The search process is outlined in the diagram below:
The search has four main steps:
- Select: pick the best next actions based on the aggregate rewards from step (2) below. Either respond (if a solution is found or the max search depth is reached) or continue searching.
- Expand and simulate: generate N (5 in our case) potential actions to take and execute them in parallel.
- Reflect + evaluate: observe the outcomes of these actions and score the decisions based on reflection (and possibly external feedback)
- Backpropagate: update the scores of the root trajectories based on the outcomes.
If the agent has a tight feedback loop (through high quality environment rewards or reliable reflection scores), the search is able to accurately distinguish between different action trajectories and pick the best path.
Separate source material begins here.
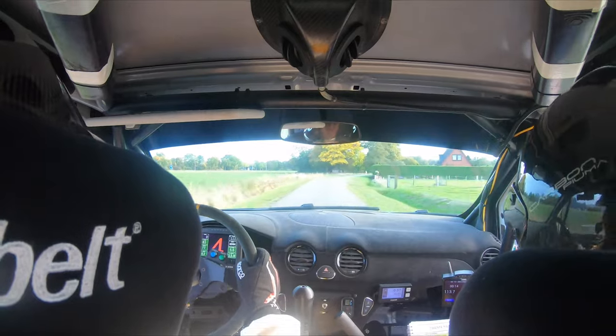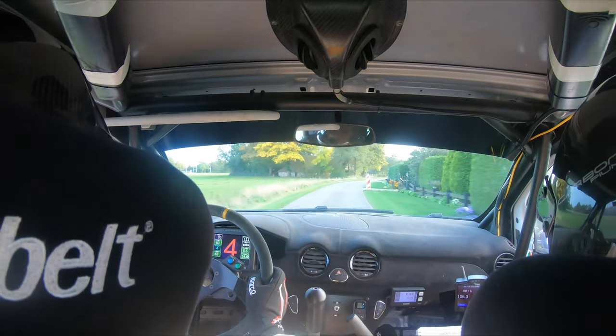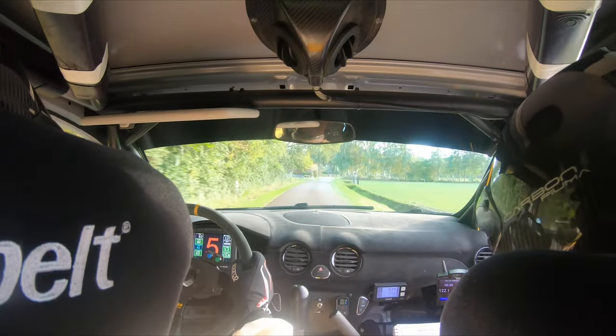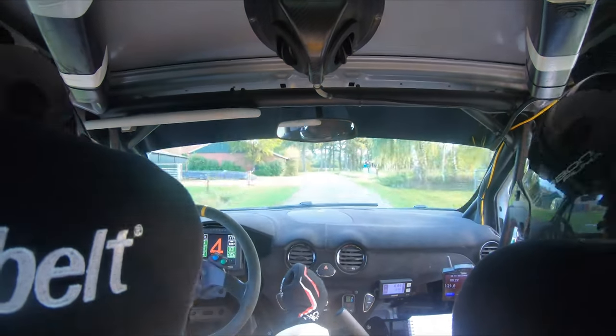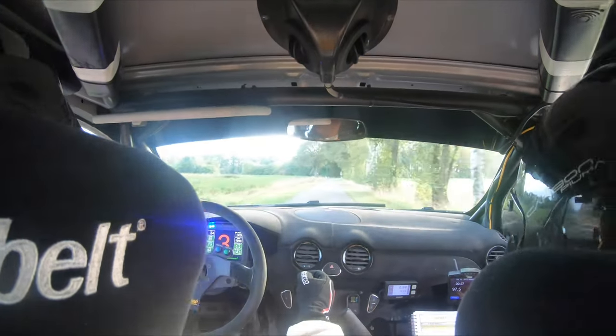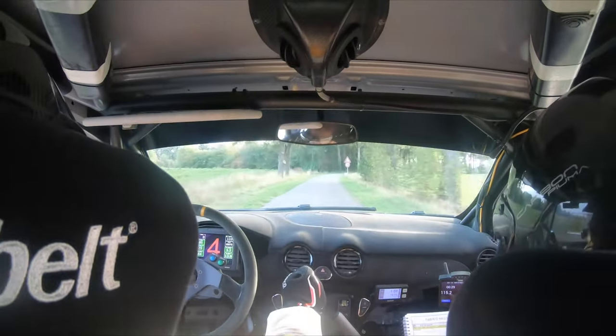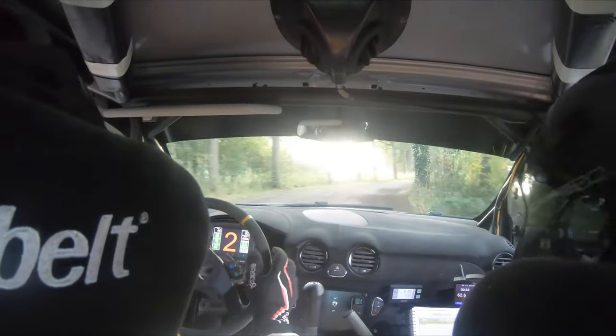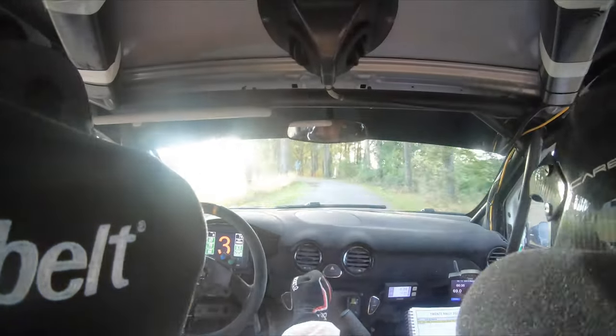Flat right goes into left 1, into flat left, plus flat right, plus flat left into left 1 minus small. Left 1 minus small. 100, around left 2 into flat left. Around left 2 into flat left. And then 220. 220. 220.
The final trajectory can then be saved to external memory (or used for model fine-tuning) to improve the model in the future.
The "selection" step picks the node with the highest upper confidence bound (UCT), which just balances the expected reward (the first term) with an incentive to explore new paths (the second term).
\( UCT = \frac{\text{value}}{\text{visits}} + c \sqrt{\frac{\ln(\text{parent.visits})}{\text{visits}}}\)
Check out the code to see how it's implemented. In our LangGraph implementation, we put generation + reflection steps in a single node each, and check the tree state on each loop to see if the task is solved. The (abbreviated) graph definition looks something like below:
Once you've created the basic outline, it's easy to expand to other tasks! For instance, this technique would suit code generation tasks well, where you the agent can write explicit unit tests and score trajectories based on test quality.
LATS unifies the reasoning, planning, and reflection components of other agent architectures, such as Reflexion, Tree of Thoughts, and plan-and-execute agents. LATS also from the backpropagation of reflective and environment-based feedback for an improved search process. While it can be sensitive to the reward scores, the general algorithm can be flexibly applied to a variety of tasks.
Video Tutorial
Conclusion
Thanks for reading! All of these examples can be found in the LangGraph repository, and we will port these to LangGraphJS soon (maybe by the time you read this post).
All of the techniques above leverage additional LLM inference to increase the likelihood of generating a higher quality output, or of responding correctly to a more complex reasoning task. While this takes extra time, it can be appropriate when output quality matters more than response time, and if you save the trajectories to memory (or as fine-tuning data), you can update the model to avoid repeat mistakes in the future.